もしかしたら初めての登場かもしれない。担任の小早川(男)がものすごく気だるげにそう言い、HRを締めくくった。



いつ見てもやる気のない担任だな。まあ、ハゲの石角のウン倍マシだし、話も簡潔だから生徒としては助かる訳だが。



「ふ、ふふ。期末テスト……私には一夜漬け、いや一朝漬けで充分ですよ!」



「そうね。そのセリフは小テストで2ケタ取るようになってから言いなさいね」



「ふっ。2日後に期末テストとは……実に面白い」



「期末テストのバカやろぉぉっっ!!」



相も変わらず、クラスメートたちが騒ぎだす。大半が今年度になって初めましての奴らだが、もう見慣れたな。なんだかんだ1年の3分の1も過ぎてるもんな。



「やぁ、雅文くん。ご機嫌麗しゅう?」



「……お前が来るまで悪くはなかったよ、啓」



UUK(ウィンクがウザい啓)がまたもウザさ全開でやって来る。



「明後日、期末テストらしいよ。大丈夫かい、雅文くん?」



「ああ。一週間ほど前から紫紅美と勉強してたからな。今回は平気そうだ」



「……ほうほう」



「なんだそのやらしい笑み」



どうして日本の警察はコイツを取り締まらないんだろう。本当に謎だ。



「クラスのみんな、聞いたかーい!?なんだかんだコイツ、美穂ちゃんと愛を深めあってますぜー!」



「ばっ、ちょ、おまっ!」



マジで?なーんだ、硬派気取っといて結局かよ。爆ぜろリア充ー!やら、明らかに祝福ではない声があがる。



そんな声に対し、紫紅美が応戦する。



「み、みんな違うぞ!雅文くんは私の家で一緒に勉強していただけでーー!」



美穂ちゃんの家?ならやっぱり愛を深めあってるじゃん。
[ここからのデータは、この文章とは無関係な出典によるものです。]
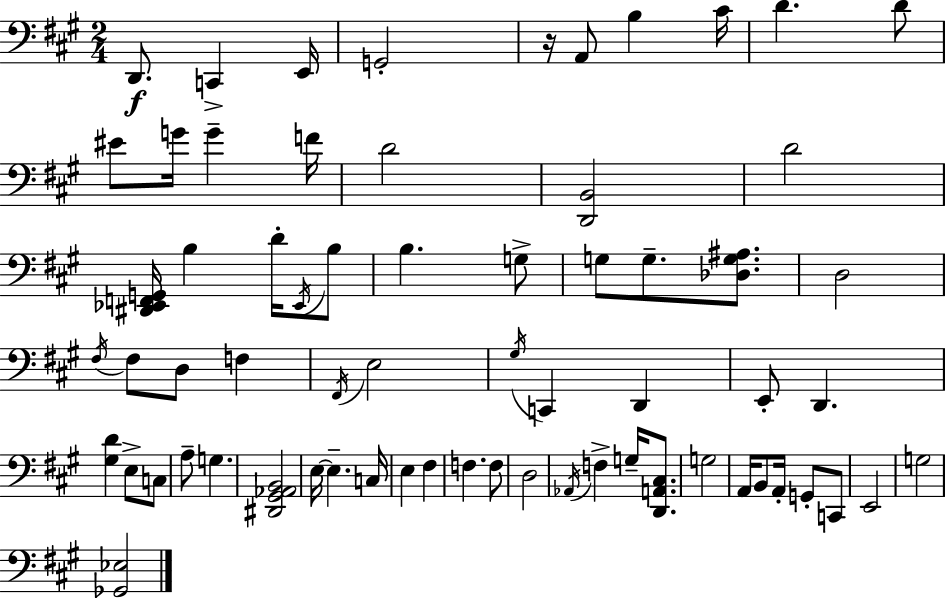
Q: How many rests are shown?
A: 1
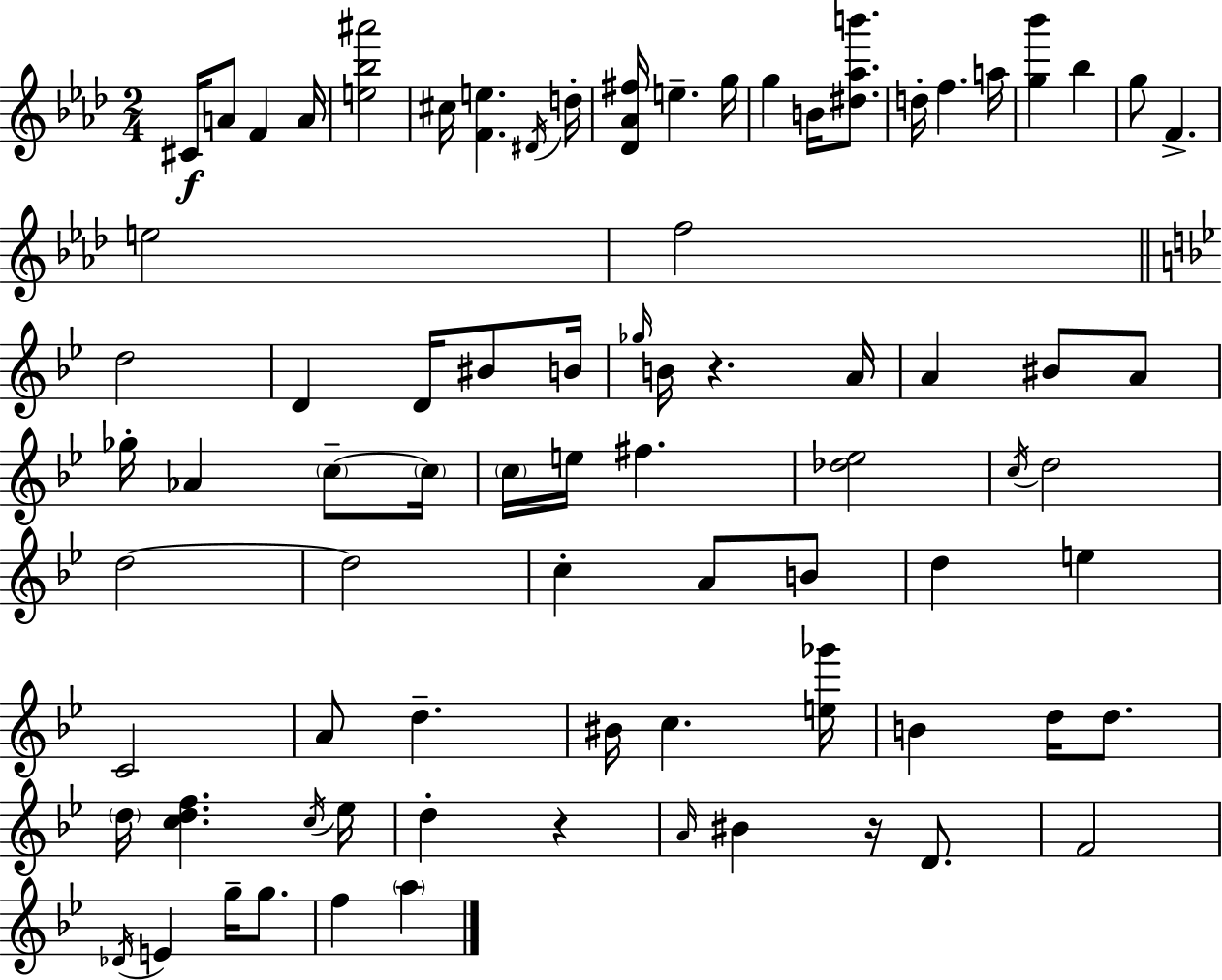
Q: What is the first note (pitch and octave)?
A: C#4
良かったね、美穂ちゃん!と今度は女子から明らかな祝福の声。



「み、みんな何か勘違いしてるのだー!だから違うって言ってるのだー!」



顔を真っ赤にして否定の声をあげる紫紅美。その喧騒に紛れて、寒菜が俺に近づき、肩をつついて何やら書かれた紙を見せる。おめでとう……って、



「違う。お前まで雰囲気に流されるな」



「……」



今度は少し残念そうな顔をして、そっか……残念と書いた紙を見せる。



「……とりあえず、アレだな」



「……?」



「この無用な騒動を起こしたバカには後で制裁を加えるとしよう」



「……」



首をフルフルする寒菜。安心してくれ、お前の前ではやらないよ。見てない所でやる。






「うー。酷い目に遭ったのだぁ……!」



「しかも誤解解けてないからな、結局」



「踏んだり蹴ったりなのだー!奴はいつか、必ず、抹殺してやるー!」



「高らかに叫ぶんじゃない。往来の場で」



そういうのは心の内に留めておくもんだ。



結局、クラスメート達の誤解が解けないまま、俺たちは帰宅の途に着いていた。



最初のうちは慣れなかったが、今は随分とこの状況に慣れた自分がいる。人間の環境対応力ってのは素晴らしいね。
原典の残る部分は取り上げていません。